Required work
Your copy should run exactly from the line containing "T-Methyl E-Pro 50" to the last line of the entries below, and it should include no pictures.

[[ Data to use, beginning ]]

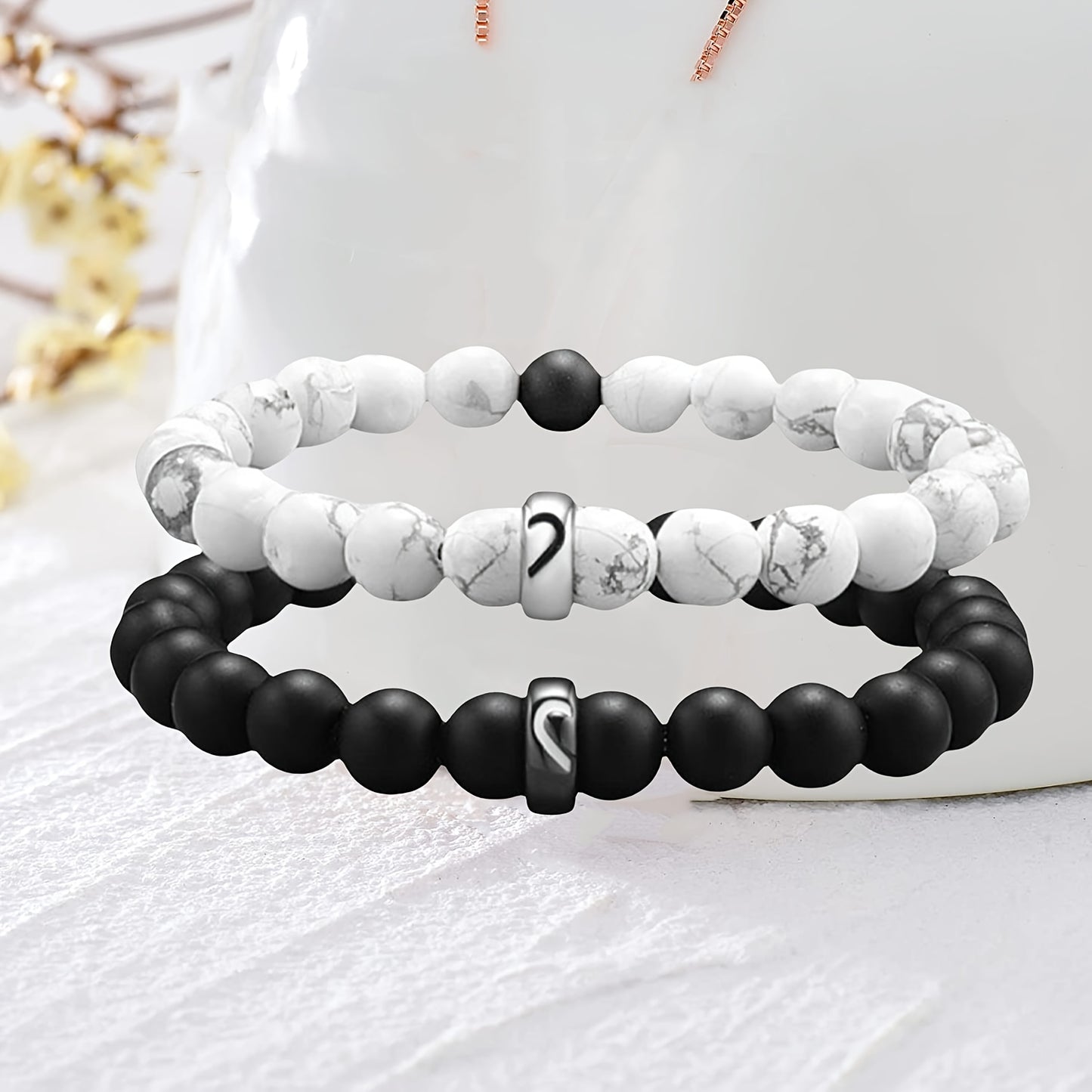 Natural Stone Bracelet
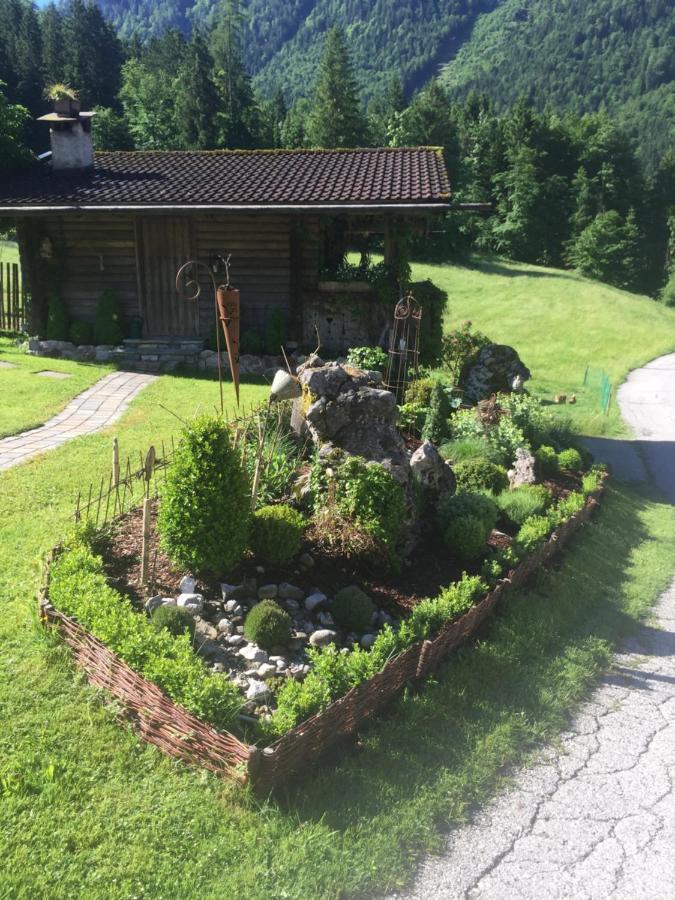 Kienberghof Appartement Inzell Buitenkant foto
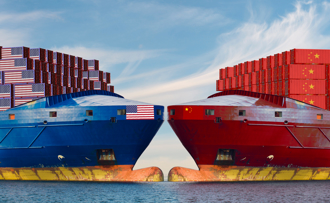 中美互停海運、造船調查1年 外媒曝FBI局長訪陸談芬太尼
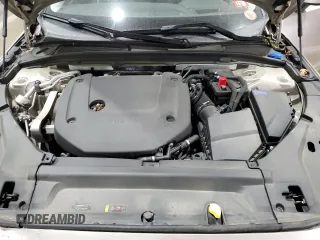 2023 Volvo V90 Ultimate with VIN YV4062NC5P1165587, listed as a Copart auction lot 57703405 with 27,860 mi miles and Salvage title. Bid and sale history available at DreamBid. Image 11.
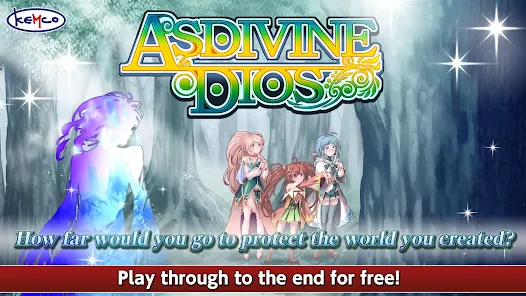 RPG Asdivine Dios Mod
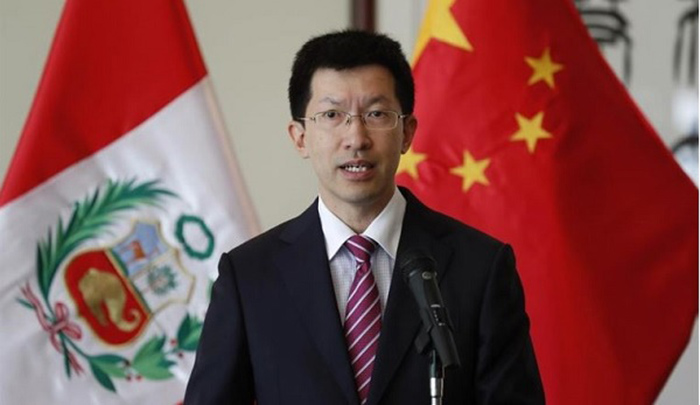 Embajador de China en el Perú afirma que Las Bambas no está dispuesta a dar más dinero a comunidades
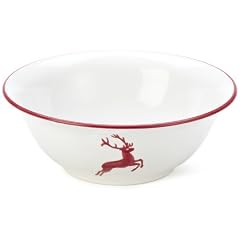 Gmundner Keramik 0320SRSA20 Salatsch�ssel, Durchmesser: 20 cm
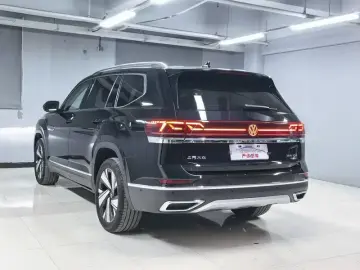 2024 Volkswagen Teramont с пробегом 68 000 км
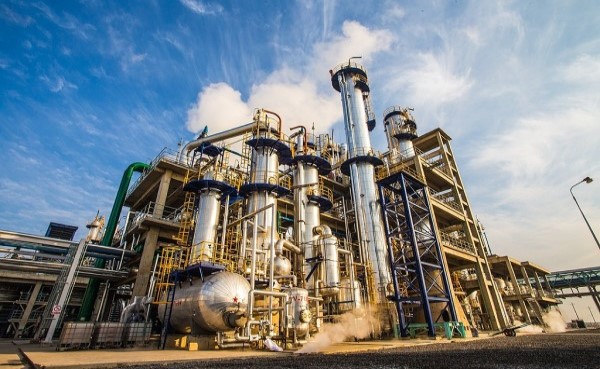 Chemical Processing Plants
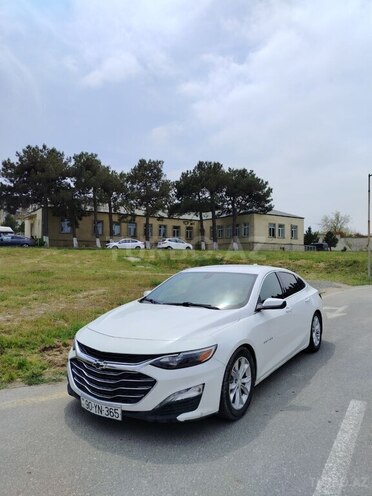 Chevrolet Malibu-1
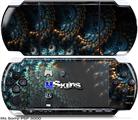 Sony PSP 3000 Skin - Coral Reef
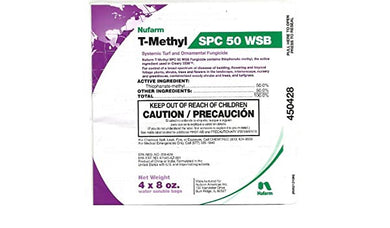 T-Methyl E-Pro 50 WSB Systemic Fungicide 4 x 8 oz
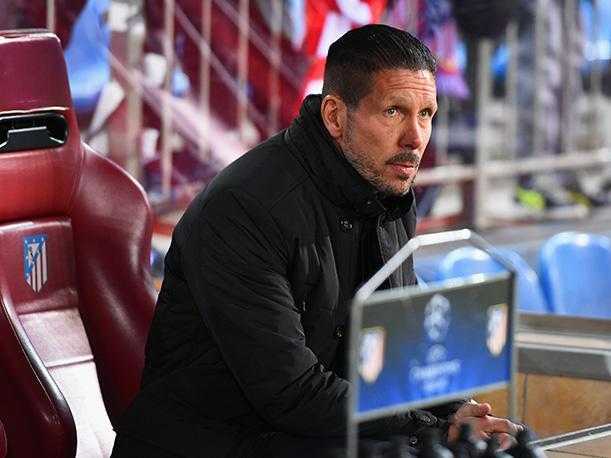 Diego Simeone no descarta dirigir la selección argentina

[[ Data to use, end ]]

Task solution
 T-Methyl E-Pro 50 WSB Systemic Fungicide 4 x 8 oz
 Diego Simeone no descarta dirigir la selección argentina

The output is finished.